== Task statement ==
Locate "Multicolor 'Lips' Collage Poster - Mockup 1" in the data below, then output the line it is on and all following lines through the last, word for word. Skip any pictures.

== Data block ==
--

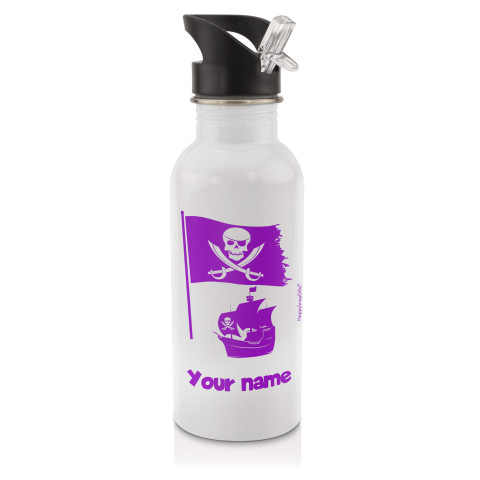in White (600ml) with Drinking Straw (Pirate Flag Icon) Purple (Personalised with Text)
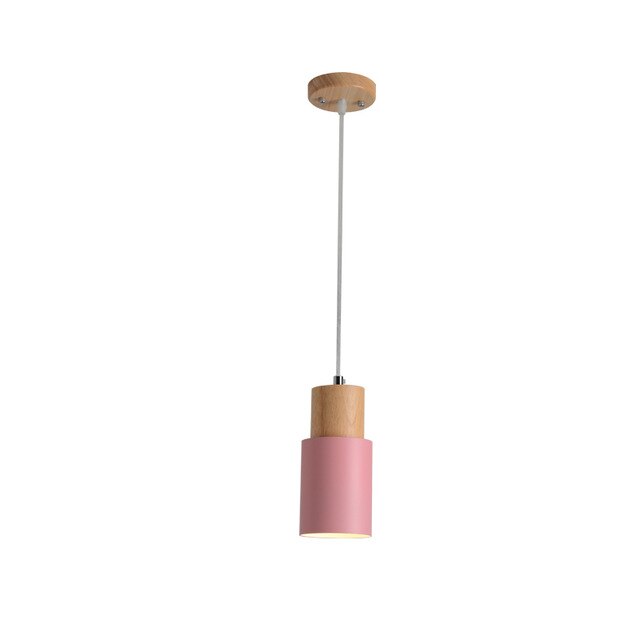 Lampa wisząca z designerską podstawą z nordyckiego drewna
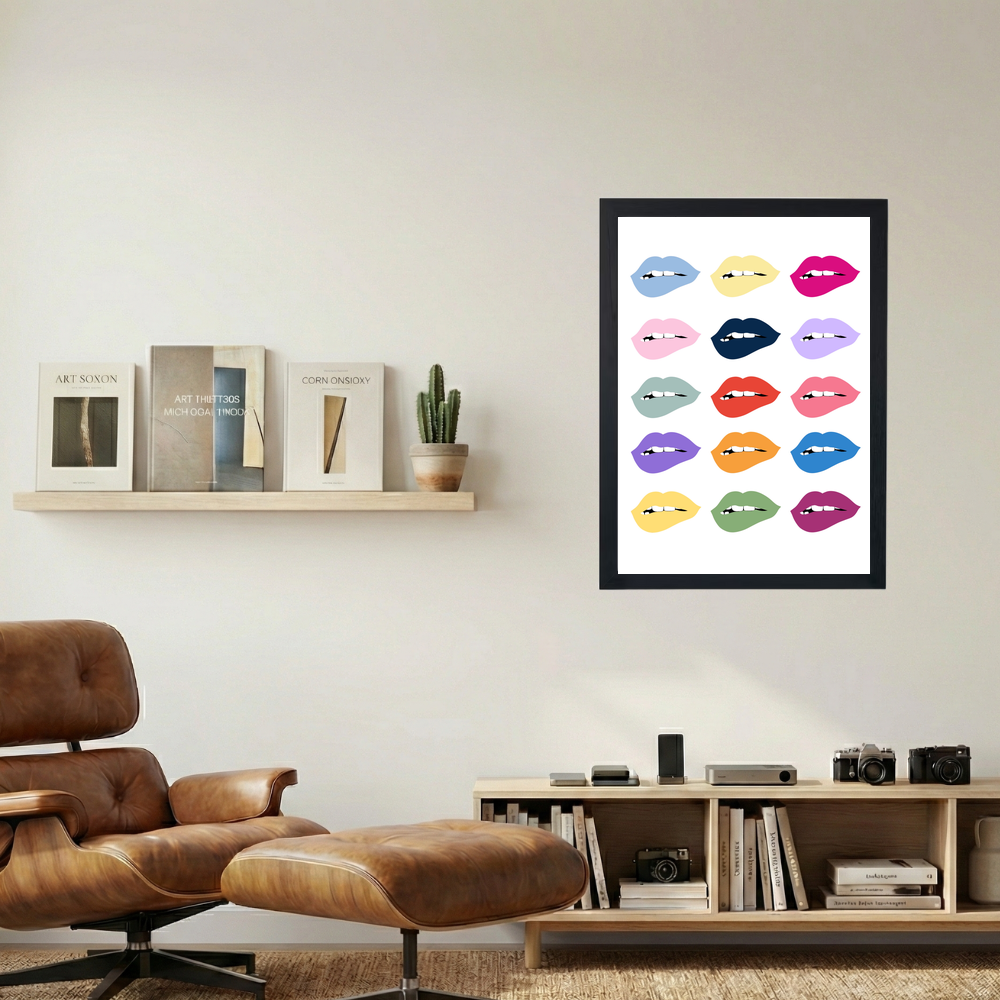 Multicolor 'Lips' Collage Poster - Mockup 1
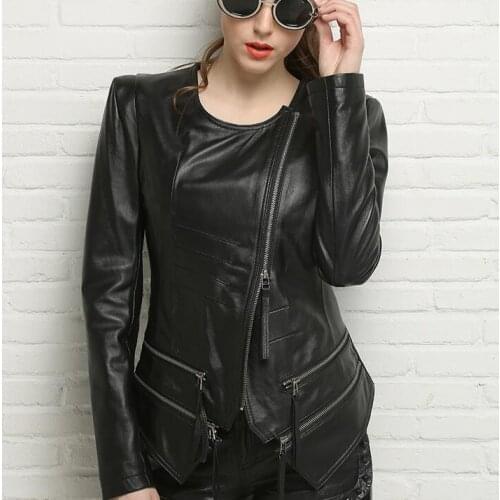 YIYELANZHOU Women's Leather Jackets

--

== Result ==
 Multicolor 'Lips' Collage Poster - Mockup 1
 YIYELANZHOU Women's Leather Jackets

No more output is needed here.